For fifteen years, the lawyer was given everything he wanted: food, books, writing materials, etc. Everything was given except for communication with the outside world and, well, freedom and space. In a span of fifteen years, he became a wise man, became spiritual and did away with all the material things in the world – that includes the bet.
Now, the story is quite complicated if you look at it with the winner-loser aspect. Sure, the banker won because he did not have to pay the money that he *actually* owes the lawyer. With this sentence, we actually imply that the lawyer won, except that he did not actually get his prize. But then again, because the lawyer escaped his prison five hours before the prescribed time (thereby breaching the contract), the banker won. Then again, why would we think that the lawyer won in the first place? That’s because Chekhov illustrates how the young lawyer, fifteen years younger, changed from being materialistic to being a spiritual (polyglot too) person.
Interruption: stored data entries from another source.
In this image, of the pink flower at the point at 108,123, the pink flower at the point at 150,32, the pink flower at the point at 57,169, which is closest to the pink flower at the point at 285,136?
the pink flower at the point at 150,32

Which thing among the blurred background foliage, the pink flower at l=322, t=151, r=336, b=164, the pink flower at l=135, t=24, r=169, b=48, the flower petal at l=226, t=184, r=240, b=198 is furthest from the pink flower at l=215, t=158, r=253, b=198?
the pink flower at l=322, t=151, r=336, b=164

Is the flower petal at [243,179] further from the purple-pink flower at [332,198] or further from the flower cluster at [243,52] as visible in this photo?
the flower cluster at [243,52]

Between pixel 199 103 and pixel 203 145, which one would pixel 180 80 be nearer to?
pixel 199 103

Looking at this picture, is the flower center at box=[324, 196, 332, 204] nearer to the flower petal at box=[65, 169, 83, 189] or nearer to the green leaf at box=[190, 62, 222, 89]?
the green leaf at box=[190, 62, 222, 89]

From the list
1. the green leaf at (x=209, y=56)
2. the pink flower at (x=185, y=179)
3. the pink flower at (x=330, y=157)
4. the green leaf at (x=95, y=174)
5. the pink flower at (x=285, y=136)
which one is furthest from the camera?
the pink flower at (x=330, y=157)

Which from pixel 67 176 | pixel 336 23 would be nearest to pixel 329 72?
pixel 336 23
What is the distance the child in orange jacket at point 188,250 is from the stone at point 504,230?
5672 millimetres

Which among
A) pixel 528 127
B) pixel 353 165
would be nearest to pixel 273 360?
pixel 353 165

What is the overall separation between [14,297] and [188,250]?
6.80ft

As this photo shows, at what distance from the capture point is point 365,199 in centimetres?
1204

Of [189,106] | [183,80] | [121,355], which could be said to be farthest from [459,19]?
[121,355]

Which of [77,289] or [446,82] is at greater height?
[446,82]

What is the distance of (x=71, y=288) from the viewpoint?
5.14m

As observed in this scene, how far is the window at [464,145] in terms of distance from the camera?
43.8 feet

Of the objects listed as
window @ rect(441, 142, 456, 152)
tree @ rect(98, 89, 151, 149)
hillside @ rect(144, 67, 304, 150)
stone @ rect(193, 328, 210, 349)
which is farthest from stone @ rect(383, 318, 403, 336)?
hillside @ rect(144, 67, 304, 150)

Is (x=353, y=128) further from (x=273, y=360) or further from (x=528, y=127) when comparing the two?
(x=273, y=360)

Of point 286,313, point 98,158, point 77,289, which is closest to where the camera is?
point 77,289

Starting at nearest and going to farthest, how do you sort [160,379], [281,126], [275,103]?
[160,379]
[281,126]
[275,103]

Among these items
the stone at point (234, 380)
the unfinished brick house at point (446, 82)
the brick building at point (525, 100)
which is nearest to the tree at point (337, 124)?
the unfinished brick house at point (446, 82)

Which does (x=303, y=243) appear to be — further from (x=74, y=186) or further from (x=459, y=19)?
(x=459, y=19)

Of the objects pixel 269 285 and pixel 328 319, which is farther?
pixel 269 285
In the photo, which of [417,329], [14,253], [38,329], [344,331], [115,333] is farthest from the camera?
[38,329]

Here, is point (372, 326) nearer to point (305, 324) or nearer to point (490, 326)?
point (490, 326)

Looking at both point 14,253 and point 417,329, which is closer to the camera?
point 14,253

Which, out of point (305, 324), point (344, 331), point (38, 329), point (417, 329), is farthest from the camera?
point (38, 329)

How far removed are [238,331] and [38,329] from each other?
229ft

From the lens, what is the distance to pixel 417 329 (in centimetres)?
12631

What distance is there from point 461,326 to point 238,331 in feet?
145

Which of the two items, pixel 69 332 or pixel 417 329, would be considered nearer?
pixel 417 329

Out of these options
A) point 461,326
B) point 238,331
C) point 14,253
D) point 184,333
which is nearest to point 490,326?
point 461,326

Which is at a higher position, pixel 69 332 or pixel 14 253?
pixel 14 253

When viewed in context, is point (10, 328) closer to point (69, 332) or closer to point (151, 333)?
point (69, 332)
The lawyer managed to thwart all the material things that he used to want. We get the impression that not only he wants the money, he also wanted to prove himself to everyone, which means he is proud. But then his stay in prison actually changed him, and he let go of superficiality. This change makes the readers admire the lawyer because that is very hard to do; this makes the readers think that he won. But no, technically and logically, the banker won.
The question is, should he? This, for me, is the main conflict to resolve in this piece of literature. Who should win? Should it be the one who abided by the rules (the banker) or the one who have held a spiritual, more knowledgeable existence?
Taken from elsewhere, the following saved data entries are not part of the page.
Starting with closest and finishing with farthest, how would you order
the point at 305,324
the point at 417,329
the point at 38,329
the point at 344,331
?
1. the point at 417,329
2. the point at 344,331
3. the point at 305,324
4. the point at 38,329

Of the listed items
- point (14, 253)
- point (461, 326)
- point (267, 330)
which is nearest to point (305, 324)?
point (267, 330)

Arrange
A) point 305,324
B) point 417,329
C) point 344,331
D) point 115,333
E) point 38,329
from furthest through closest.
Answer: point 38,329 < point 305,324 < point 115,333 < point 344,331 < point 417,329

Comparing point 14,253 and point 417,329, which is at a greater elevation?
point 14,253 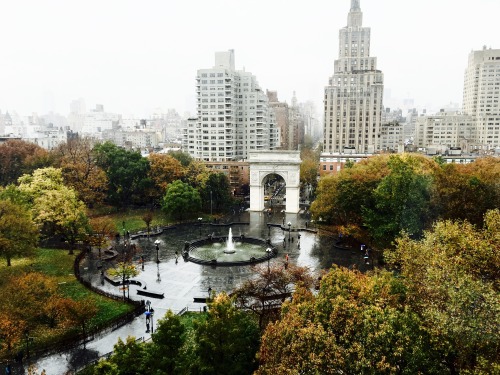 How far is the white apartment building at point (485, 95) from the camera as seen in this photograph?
11019cm

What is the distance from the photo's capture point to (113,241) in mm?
42625

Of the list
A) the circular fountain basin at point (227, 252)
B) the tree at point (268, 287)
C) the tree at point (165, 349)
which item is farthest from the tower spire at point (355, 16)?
the tree at point (165, 349)

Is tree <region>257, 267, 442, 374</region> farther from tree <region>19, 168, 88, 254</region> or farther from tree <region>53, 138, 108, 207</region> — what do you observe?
tree <region>53, 138, 108, 207</region>

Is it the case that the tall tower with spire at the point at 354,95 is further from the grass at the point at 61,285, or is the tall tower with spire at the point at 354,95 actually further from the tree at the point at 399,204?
the grass at the point at 61,285

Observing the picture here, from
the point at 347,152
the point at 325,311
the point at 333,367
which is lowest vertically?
the point at 333,367

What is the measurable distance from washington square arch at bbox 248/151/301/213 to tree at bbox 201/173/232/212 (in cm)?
471

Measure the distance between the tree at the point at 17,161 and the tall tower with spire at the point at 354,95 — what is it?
62.7 m

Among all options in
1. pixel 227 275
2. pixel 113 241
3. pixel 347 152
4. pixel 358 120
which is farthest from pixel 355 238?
pixel 358 120

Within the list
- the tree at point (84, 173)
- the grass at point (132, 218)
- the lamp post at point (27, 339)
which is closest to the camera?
the lamp post at point (27, 339)

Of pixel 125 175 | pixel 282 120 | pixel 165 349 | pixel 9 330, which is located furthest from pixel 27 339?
pixel 282 120

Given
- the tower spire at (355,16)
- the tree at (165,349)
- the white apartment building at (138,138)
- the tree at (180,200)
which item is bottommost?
the tree at (165,349)

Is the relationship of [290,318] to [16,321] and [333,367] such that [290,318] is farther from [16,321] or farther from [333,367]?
[16,321]

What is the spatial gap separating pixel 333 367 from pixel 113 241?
113 ft

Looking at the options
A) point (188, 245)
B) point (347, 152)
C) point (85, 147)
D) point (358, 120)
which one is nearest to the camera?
point (188, 245) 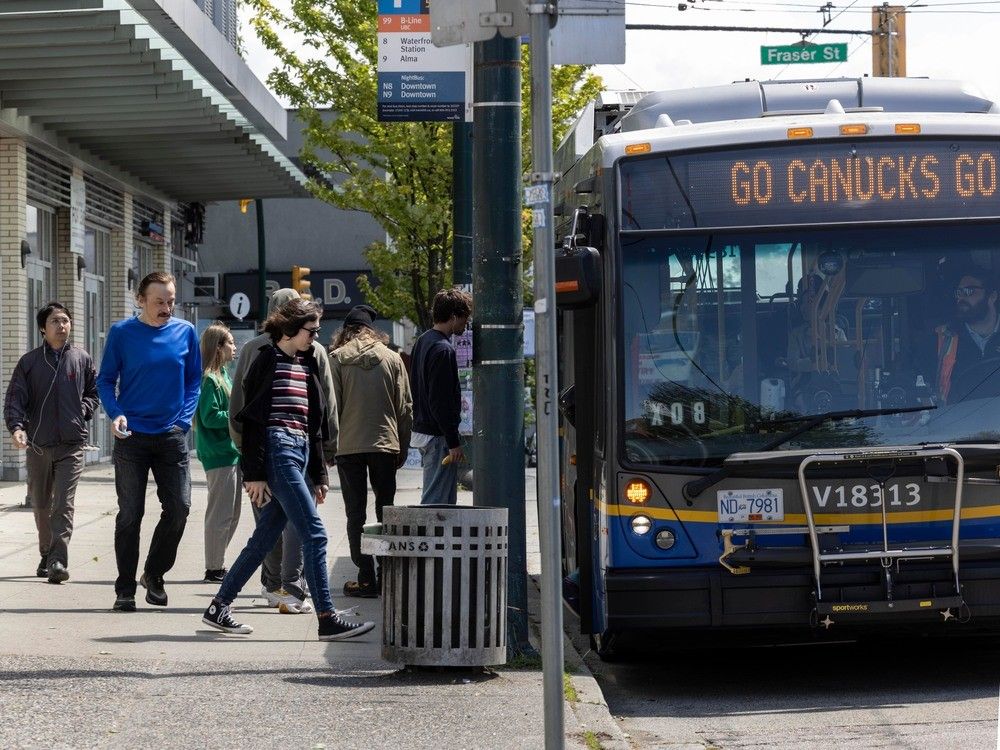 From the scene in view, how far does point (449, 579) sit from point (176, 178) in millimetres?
18126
The lines of the banker sum the common interpretation of the situation of the two men, on pride, ego and winning: “Why didnt the man die? He is only forty now. He will take my last penny from me, he will marry, will enjoy life, will gamble on the Exchange; while I shall look at him with envy like a beggar, and hear from him every day the same sentence: I am indebted to you for the happiness of my life, let me help you! No, it is too much! The one means of being saved from bankruptcy and disgrace is the death of that man!”
The lines reek with competition and materialism. As we read, the lawyer had nothing to do with it as he already escaped before the bet can be off. For me, it’s the lawyer who won the bet, not because he managed to stay in solitude for fifteen years, but because he has strength to stay AND become a better person in a span of fifteen years. That is not a small feat. Chekhov’s technique of presenting the spiritual and making the reader agree with it works, as I also admire the lawyer now, and honestly, he diminishes the character of the banker who can be very materialistic and shallow.
Chekhov, A. The Bet. Web. 1888. Retrieved September 27, 2012.